WHAT THE TASK ASKS: Copy each line of the listing that includes "Metal".

--- START ---

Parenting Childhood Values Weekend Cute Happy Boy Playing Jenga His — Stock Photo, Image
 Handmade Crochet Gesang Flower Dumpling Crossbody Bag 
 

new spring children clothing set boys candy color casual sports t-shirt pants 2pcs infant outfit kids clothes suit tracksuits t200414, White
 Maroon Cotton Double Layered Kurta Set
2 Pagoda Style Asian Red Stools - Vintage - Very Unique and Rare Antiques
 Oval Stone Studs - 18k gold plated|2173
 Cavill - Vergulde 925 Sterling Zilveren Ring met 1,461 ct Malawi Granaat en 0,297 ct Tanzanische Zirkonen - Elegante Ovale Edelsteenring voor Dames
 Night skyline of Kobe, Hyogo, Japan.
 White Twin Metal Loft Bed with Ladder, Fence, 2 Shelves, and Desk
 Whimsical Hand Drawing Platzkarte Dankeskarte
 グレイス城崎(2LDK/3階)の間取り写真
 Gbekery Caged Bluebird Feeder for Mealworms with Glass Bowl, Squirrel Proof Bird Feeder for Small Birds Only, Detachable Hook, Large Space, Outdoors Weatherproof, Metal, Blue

--- END ---

RESPONSE TO THE EXERCISE:
 White Twin Metal Loft Bed with Ladder, Fence, 2 Shelves, and Desk
 Gbekery Caged Bluebird Feeder for Mealworms with Glass Bowl, Squirrel Proof Bird Feeder for Small Birds Only, Detachable Hook, Large Space, Outdoors Weatherproof, Metal, Blue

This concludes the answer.